Pruning Suckers & Branches Video

Pruning Branches

In a 15-gallon pot, your tree will grow ~ 7 feet tall, and in a 1- gallon pot, it will grow ~ 4 feet tall. Prune your tree twice yearly to keep it between 3-7 feet, as desired.

For aesthetic purposes, prune the top and bottom branches. Keep the upper and middle branches longer.

Prune flowers and fruit the first year, as your tree needs 30 leaves to produce one quality fruit. Growing flowers take energy away from leaf growth. If you want to keep flowers, expect slower growth.

Pruning stimulates new growth. Prune with pruning shears or scissors. Cut 0.5 cm above a leaf/thorn at a 45 degree angle. Clean your pruning shears with rubbing alcohol prior to use.

Pruning Suckers

Every citrus tree is grafted. The bottom half is rootstock, and the top half is from a graft. They are joined at the grafting junction.
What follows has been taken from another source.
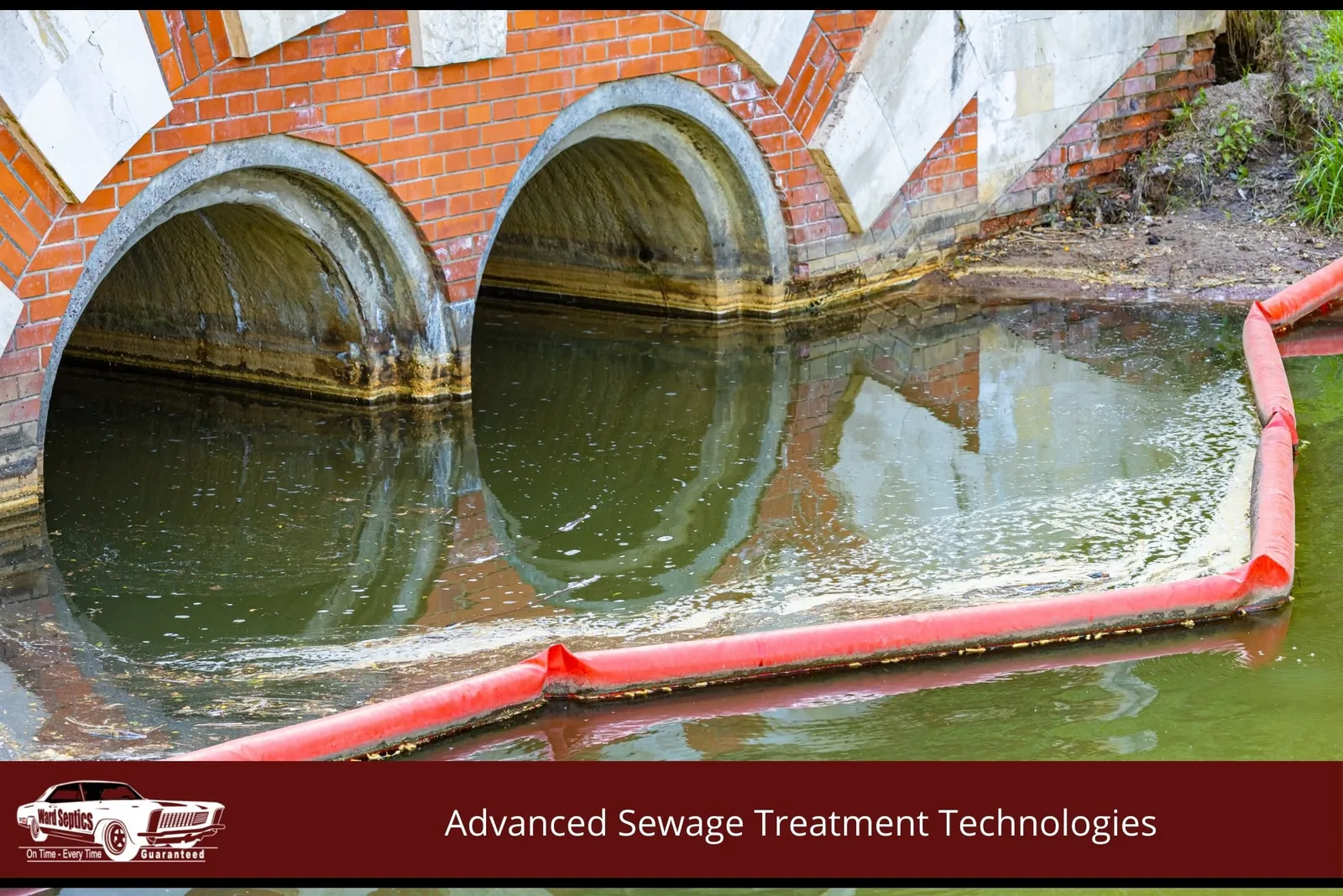 A bright red containment boom floats in dark water in front of two large concrete culverts beneath a brick arch bridge structure.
What are suckers? They are branches that grow below the grafting junction. These should be removed regularly.

The grafting junction will be marked with a colored stretchable tape that you can keep on the tree for future reference. The branches at and above this junction will provide good fruit.

The branches below this junction (suckers) will not produce fruit and will steal energy from the tree. They may grow large and overpower the desired grafted portion of your tree. Remove branches below the grafting junction (suckers).

For aesthetic purposes, you may remove branches right at the grafting junction.

Often after a freeze, a citrus tree will die at and below the graft site. If suckers re-grow from this site, it may be the rootstock growing out. If this is the case, the rootstock suckers will not produce good fruit.